Friday, April 3, 2015

Baca Baca Buku #2

Anyway, saya bagikan sekilas tentang buku-buku yang saya baca. Siapa tau ada yang sedang cari referensi bacaan dan tertarik dengan buku yang sudah saya baca.

Pada setiap akhir tulisan saya akan memberikan nilai untuk setiap buku. Nilai yang saya cantumkan  bukan mengenai seberapa bagus buku tersebut ditulis, karena saya jelas tidak memiliki kompetensi dalam bidang bahasa, tapi mengenai besar rasa suka saya terhadap buku tersebut dalam skala 1-10.  

Untuk urusan jenis buku, pilihan saya cenderung condong ke buku fiksi untuk pembaca young adult dan middle grade. Tapi beberapa waktu belakangan ini saya juga mulai baca buku fiksi yang  agak dewasa. As dewasa as I can be lah :P

In the Garden of Beast : Love and Terror in Hitler's Berlin (Erik Larson)

Siapapun yang mengunjungi Berlin pada akhir Desember 2014, akan disambut dengan suasana natal dan persiapan tahun baru. Seperti layaknya kota-kota besar lain di seluruh dunia, Berlin juga akan menyelenggarakan pesta besar untuk menyambut pergantian tahun. Walaupun suhu udara yang mencapai minus delapan derajat celcius membuat suasana kota tak seramai biasanya, kesibukan untuk mempersiapkan hajat tahunan tersebut jelas terlihat. Di Pariser Platz, plaza tempat Brandenburger Tor berada, kendaraan-kendaraan konstruksi sibuk lalu lalang. Akses masuk ke Tiergarten dari arah Unter den Linden ditutup sementara di bagian depan Brandenburger Tor sedang dibangun panggung pertunjukan. Palang besi dipasang mengelilingi area-area kedutaan besar yang ada di sekitar plaza, untuk menghalau pengunjung pesta agar tidak mengotori daerah tersebut. Tujuh puluh tahun setelah berakhirnya perang dunia II dan dua puluh lima tahun setelah reunifikasi Jerman,  suasana teror yang menyelimuti Berlin di masa lalu sudah habis tak bersisa.    

Menurut buku ini, suasana kota besar yang hidup, penuh cahaya, dan pesta juga menyambut William Dodd beserta keluarganya saat tiba di Berlin pada musim panas tahun 1933. Bedanya dengan situasi yang bisa ditemui saat ini, pada masa tersebut di seluruh penjuru kota bertebaran slogan-slogan dan poster Third Reich, yang menandai awal masa kepemimpinan Adolf Hitler dan Partai Nazi. Semangat kebaruan menyelimuti kota dan seluruh penjuru Jerman. Semangat yang kedepannya terbukti hanyalah sebuah ilusi. Mengingat kurang dari 10 tahun setelahnya, Berlin dan juga Jerman akan porak poranda bahkan terbagi dua akibat perang dunia II.

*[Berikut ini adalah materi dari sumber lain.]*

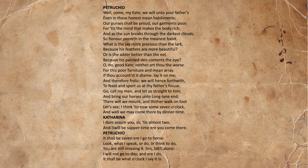He responds, 'It shall be seven ere I go to horse. Look what I speak, or do, or think to do, you are still crossing it. Sirs, let's alone. I will not go today, and ere I do, it shall be what o'clock I say it is.' In contradicting him, he removes any chance she has of seeing her father. He has sent the food away, he has sent the tailor away. She stands there, not in the clothes she was promised, with a rumbling belly. And on top of this, the promise to go to her father's house — where she may have hoped for some help, respite, and certainly a meal — has now been taken away.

Mengunjungi Berlin (dan tinggal di Jerman) adalah salah satu pendorong saya untuk membaca In The Graden Of  Beasts. Buku non fiksi setebal empat ratus halaman ini menceritakan kisah William Dodd sebagai duta besar Amerika Serikat untuk Jerman, dimana dalam masa jabatannya (1933-1937), beliau telah menjadi saksi kebangkitan seorang monster. Monster yang membuat Jerman tenggelam dalam situasi yang irasional, brutal, kejam, dan penuh kegilaan.

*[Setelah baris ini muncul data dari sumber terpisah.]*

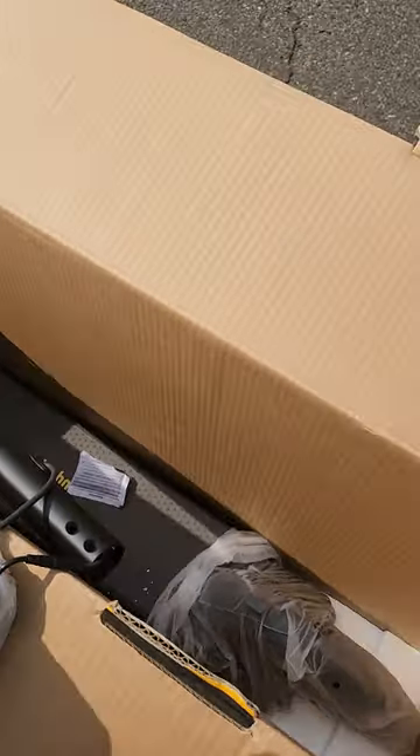I've got the new scooter here, the parts here, the new Ninebot. Pick it out of the box, put it together, I'll tell you how it runs.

Dengan gaya bercerita yang unik Erik Larson berhasil membuat saya bertahan untuk terus menelusuri  halaman demi halaman buku ini. Pencapaian luar biasa bagi saya yang kerap menghindari buku non fiksi dan lebih tertarik menyelam dalam cerita cerita imajinatif.  Tokoh-tokoh dalam bukunya, yang semuanya benar-benar nyata, diceritakan layaknya karakter dalam kisah fiksi. Bahasa yang digunakan juga cukup mudah dimengerti. Walaupun seringkali saya harus berhenti sejenak untuk berpikir atau menelusuri kembali halaman-halaman yang sudah terlewati, karena banyaknya nama tokoh yang muncul dan kosa kata yang kurang familiar bagi saya.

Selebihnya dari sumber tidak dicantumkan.